Please post any feedback on the design of these hooks to the startup hook or canned_queries hook issue threads.

Another compelling reason to ship alphas: it means I can release alpha versions of my own plugins that themselves depend on a Datasette alpha, and still have their unit tests pass in continuous integration. I expect to take advantage of that ability a lot in the future.

Figuring out how to safely ship an alpha took a little bit of work, because I wanted to make sure that alphas wouldn’t become the default version installed from PyPI, mess up my existing CI configuration or end up accidentally published to Docker Hub. You can follow my research on this in this issue, including my experiments shipping an alpha for datasette-render-images first.

Those new plugin hooks

startup() (documentation) is a hook that gets called on Datasette server startup, and passed the datasette object. The initial use-case was plugins that might want to validate their own configuration, but I imagine other interesting uses for it will emerge over time.

canned_queries() (documentation) lets plugin authors dynamically generate new canned queries for a given database. It gets passed the datasette object, the current database name and the currently authenticated actor, if there is one. This means you can do fun things like include a user’s own saved queries loaded from another database table:

from datasette import hookimpl

def canned_queries(datasette, database, actor):
    async def inner():
        db = datasette.get_database(database)
        if actor is not None and await db.table_exists("saved_queries"):
            results = await db.execute(
                "select name, sql from saved_queries where actor_id = :id", {
                    "id": actor["id"]
            return {result["name"]: {
                "sql": result["sql"]
            } for result in results}
    return inner

I’m using a pattern here that’s shared by a number of other Datasette plugin hooks: rather than returning the results directly, this plugin function returns an async def inner() function.

The code that calls the hook knows that if an asyncio awaitable function is returned it should await it. This is my trick for using awaitable functions with Pluggy, which wasn’t initially built with async in mind.

Shooting naturalist videos with Natalie

Natalie has started a new YouTube channel to put her various science communication courses at Stanford into action. I’ve been helping out as camera-person, which has been really interesting. I’m currently shooting with FiLMiC running on an iPhone 11 Pro on a tripod, using audio from an AirPod (until we can get our hands on something better).

Natalie’s been editing the videos on her iPhone and these early results are really good! Here’s the video we shot for Sea Lion Birthday on 15th June, a day when 50% of all California Sea Lions celebrate their birthday. Watch the video to find out why.

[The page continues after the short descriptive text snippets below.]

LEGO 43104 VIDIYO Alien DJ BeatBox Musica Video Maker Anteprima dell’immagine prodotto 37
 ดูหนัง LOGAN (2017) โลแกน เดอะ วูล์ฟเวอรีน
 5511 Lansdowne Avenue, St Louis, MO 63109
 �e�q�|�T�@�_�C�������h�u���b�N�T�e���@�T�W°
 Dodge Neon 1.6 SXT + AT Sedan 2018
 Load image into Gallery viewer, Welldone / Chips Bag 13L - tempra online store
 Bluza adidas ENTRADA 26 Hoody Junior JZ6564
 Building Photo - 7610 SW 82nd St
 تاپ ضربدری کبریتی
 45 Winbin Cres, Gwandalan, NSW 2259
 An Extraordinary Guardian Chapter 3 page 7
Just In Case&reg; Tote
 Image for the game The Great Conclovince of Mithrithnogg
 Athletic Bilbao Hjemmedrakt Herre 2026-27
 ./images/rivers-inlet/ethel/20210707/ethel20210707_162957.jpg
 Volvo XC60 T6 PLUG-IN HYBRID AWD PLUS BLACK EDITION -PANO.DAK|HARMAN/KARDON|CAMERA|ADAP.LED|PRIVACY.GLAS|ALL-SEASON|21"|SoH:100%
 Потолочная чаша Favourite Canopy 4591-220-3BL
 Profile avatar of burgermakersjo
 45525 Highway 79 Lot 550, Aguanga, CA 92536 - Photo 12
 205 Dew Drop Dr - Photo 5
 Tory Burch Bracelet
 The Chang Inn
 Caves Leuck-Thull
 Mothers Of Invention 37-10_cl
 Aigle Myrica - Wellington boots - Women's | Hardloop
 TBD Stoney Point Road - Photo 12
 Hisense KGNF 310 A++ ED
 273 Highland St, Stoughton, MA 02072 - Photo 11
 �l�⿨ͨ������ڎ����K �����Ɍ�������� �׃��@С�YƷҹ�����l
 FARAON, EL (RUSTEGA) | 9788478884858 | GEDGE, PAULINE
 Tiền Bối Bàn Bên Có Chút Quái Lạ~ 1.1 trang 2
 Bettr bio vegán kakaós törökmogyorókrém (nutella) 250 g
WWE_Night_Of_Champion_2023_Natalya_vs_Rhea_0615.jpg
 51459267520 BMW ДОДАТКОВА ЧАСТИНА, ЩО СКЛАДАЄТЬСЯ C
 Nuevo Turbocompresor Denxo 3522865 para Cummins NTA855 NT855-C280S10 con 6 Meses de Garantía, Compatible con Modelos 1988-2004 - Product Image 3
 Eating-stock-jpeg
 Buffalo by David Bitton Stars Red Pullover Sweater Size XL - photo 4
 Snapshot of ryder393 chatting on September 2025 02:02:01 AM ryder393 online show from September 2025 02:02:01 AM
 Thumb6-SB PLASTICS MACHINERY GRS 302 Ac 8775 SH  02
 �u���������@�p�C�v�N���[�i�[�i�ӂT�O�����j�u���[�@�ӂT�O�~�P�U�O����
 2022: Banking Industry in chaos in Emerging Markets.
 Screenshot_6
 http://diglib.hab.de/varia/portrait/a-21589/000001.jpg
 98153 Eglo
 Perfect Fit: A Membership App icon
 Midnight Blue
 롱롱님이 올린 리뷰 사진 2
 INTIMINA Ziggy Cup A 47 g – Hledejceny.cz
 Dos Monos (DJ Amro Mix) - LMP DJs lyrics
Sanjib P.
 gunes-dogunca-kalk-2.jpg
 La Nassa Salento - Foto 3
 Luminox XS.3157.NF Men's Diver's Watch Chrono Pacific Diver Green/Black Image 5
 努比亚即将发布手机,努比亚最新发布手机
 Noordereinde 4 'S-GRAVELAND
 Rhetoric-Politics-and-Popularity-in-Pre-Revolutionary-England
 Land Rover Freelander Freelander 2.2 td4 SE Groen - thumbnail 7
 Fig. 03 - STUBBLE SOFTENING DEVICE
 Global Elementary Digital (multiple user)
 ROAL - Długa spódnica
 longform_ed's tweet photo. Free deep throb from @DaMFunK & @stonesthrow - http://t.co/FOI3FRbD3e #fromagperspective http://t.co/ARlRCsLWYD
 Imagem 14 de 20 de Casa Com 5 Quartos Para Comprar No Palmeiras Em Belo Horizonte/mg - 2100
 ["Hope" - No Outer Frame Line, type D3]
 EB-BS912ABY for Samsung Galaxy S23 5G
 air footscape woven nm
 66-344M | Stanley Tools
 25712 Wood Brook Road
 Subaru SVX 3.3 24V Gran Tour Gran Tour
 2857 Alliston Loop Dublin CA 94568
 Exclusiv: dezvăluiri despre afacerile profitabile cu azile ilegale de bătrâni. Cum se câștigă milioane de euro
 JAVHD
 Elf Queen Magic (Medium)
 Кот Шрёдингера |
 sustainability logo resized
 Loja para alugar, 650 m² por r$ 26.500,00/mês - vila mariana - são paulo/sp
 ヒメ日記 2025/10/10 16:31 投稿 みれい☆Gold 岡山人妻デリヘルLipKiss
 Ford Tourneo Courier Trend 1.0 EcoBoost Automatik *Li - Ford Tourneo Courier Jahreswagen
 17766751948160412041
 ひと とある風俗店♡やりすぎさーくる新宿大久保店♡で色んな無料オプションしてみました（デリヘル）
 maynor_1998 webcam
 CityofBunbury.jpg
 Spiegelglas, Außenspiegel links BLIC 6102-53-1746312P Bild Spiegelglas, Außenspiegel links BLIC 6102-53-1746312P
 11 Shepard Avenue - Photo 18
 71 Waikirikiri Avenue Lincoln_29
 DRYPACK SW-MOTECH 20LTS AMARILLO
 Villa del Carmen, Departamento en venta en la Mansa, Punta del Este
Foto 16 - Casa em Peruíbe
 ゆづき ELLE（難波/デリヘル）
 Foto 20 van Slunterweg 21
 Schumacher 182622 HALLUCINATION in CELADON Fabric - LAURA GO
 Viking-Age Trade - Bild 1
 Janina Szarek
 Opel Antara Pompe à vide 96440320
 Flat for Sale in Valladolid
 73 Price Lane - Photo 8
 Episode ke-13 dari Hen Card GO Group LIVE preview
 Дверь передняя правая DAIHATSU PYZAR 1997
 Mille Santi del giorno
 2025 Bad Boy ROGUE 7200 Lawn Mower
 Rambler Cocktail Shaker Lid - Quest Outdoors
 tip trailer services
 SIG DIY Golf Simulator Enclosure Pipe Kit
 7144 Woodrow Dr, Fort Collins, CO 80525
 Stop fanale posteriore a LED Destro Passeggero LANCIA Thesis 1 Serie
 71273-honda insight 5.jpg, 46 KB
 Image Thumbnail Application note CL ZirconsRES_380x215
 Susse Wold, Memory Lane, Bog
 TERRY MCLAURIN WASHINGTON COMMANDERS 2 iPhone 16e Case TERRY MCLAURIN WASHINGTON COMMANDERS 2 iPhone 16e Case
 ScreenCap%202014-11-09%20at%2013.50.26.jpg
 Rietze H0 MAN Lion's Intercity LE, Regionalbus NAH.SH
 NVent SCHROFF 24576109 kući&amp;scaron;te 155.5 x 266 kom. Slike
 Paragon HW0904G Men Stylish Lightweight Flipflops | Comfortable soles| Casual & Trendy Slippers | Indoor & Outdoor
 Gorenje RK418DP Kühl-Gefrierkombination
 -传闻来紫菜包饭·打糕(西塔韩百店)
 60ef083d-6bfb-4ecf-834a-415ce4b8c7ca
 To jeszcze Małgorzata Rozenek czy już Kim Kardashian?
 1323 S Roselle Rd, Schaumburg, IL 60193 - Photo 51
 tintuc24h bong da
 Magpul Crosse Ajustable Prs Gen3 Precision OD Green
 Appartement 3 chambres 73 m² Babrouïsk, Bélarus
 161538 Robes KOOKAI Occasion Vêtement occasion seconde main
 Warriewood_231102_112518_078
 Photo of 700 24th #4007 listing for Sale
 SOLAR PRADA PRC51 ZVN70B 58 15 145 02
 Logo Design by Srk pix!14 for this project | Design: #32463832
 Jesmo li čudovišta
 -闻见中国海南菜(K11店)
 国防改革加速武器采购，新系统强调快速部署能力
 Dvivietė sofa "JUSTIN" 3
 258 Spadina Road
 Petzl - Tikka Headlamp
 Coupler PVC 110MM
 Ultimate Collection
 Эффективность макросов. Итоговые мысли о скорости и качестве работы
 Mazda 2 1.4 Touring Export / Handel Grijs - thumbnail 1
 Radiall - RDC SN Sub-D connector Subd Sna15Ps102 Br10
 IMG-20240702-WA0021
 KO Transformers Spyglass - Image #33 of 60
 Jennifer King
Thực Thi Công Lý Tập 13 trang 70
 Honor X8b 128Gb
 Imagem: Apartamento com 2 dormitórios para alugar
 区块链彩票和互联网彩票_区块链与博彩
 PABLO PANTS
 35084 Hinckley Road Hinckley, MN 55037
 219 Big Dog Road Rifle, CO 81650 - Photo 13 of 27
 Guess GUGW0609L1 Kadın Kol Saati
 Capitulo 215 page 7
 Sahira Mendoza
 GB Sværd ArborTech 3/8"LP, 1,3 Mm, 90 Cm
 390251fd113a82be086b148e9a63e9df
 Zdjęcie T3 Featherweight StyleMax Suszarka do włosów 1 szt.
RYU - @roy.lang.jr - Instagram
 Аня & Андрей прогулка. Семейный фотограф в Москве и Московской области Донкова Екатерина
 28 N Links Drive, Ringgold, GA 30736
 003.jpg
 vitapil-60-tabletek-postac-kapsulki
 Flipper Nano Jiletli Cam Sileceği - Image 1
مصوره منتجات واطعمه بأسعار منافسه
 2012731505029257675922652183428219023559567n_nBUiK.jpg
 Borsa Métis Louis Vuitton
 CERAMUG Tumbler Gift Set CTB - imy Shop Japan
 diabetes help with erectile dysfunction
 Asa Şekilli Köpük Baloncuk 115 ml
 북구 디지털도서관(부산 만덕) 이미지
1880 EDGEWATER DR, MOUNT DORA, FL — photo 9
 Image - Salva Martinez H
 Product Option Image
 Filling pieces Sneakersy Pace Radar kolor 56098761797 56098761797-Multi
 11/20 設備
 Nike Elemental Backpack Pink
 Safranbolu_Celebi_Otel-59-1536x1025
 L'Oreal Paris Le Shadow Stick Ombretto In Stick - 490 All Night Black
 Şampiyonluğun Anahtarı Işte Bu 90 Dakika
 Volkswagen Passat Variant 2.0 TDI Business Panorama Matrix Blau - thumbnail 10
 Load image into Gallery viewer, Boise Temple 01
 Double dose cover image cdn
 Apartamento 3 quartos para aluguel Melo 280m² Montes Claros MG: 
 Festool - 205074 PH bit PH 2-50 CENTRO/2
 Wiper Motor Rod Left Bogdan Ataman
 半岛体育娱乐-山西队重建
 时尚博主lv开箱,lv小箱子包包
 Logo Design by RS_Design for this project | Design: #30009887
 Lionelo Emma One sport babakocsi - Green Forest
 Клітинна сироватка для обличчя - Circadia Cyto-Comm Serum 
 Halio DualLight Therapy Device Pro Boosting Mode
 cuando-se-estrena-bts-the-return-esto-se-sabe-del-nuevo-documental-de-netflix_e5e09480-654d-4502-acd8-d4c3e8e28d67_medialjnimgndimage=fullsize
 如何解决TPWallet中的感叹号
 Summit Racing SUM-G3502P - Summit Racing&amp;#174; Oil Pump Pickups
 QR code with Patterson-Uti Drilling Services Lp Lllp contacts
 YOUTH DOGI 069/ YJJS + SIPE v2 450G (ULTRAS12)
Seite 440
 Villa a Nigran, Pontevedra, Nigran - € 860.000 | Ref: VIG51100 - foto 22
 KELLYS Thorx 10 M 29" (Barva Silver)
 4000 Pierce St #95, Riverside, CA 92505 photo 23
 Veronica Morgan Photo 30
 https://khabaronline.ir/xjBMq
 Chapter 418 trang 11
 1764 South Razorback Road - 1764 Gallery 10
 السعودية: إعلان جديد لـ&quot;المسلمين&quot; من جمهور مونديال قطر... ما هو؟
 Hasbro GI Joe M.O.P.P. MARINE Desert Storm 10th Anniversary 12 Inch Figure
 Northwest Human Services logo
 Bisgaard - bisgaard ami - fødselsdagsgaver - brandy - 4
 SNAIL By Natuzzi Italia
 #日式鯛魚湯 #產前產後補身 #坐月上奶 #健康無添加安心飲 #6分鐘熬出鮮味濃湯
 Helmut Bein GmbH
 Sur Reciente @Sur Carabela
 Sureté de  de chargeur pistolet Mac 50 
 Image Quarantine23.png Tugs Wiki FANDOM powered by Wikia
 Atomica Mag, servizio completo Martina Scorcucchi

The close-up footage of the sea lions was shot by Natalie on a Canon DSLR with a 100-400mm lens. I love that lens so much for wildlife photography.

TIL this week

Just one new TIL this week but it’s a good one: Using LD_PRELOAD to run any version of SQLite with Python. I’ve been wanting to figure out a good way to replace the SQLite version used by the Python standard library for ages—pysqlite3 helps a lot here, but I also need the ability to run arbitrary older versions to help respond to bug reports. The LD_PRELOAD trick works perfectly for that.